VIDEO: A tour of Stetson Wind
Earlier this month, speaking at Harvard, Energy Secretary Steven Chu lamented that we're not that nation. Not yet. Even as the cost of creating wind power "has come down by more than a factor of 10" in recent years, he said, we've so far nonetheless "fundamentally surrendered" the development of green-energy technology to Europe and Asia. "We have an opportunity to be an innovation leader," he added, calling for a "new industrial revolution."
New England may be used to being the birthplace of revolutions, but in the case of wind power, that ship has sailed. States out West are far outproducing us, and will likely continue to.

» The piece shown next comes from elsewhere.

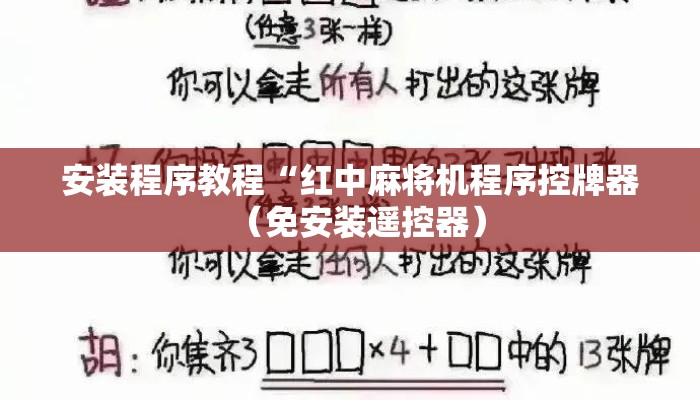 安装程序教程“红中麻将机程序控牌器(免安装遥控器) 安装程序教程“红中麻将机程序控牌器(免安装遥控器)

That said, we still could be a player in the nascent wind industry; we've just got some catching up to do.
The president has called for wind energy to contribute 20 percent of America's electricity needs and create as many as 250,000 jobs within the next two decades. So far, Texas is far and away the national leader, with more than 8000 megawatts worth of turbines churning the air. (One megawatt, or one million watts, is enough to power 400 to 500 homes.) But here in New England, more and more towers are going up among trees and atop mountains as we start to take advantage of the most viable green-energy source the area has to offer.
Development of renewable resources "has the potential to skyrocket," says Vamsi Chadalavada, senior vice-president and chief operating officer for ISO New England, which runs the six states' electrical grid. And wind, he says, "makes up about 85 percent of [the] proposed renewable projects in the region."
Maine, the most oil-dependent state in the country, has set out to establish itself as the wind-power leader in the region. At this point, Maine produces more than 100 megawatts, compared with just a quarter of that in New Hampshire, and six or so megawatts each for Massachusetts and Vermont. (Connecticut produces no wind energy, and Rhode Island has just two turbines— although more are planned.)
It's probably an overstatement to say, as Democratic representative Chellie Pingree did on The Colbert Report last week, that "Maine is going to be the wind capital of the world."
But with ample open space and an elected leadership intent on embracing the state's potential there's plenty of room to grow. With Maine — like all New England states — mandating that an increased percentage of its energy come from renewable sources, there's plenty of incentive to do so: Governor John Baldacci has pledged to see 3000 megawatts of wind power installed statewide by 2020.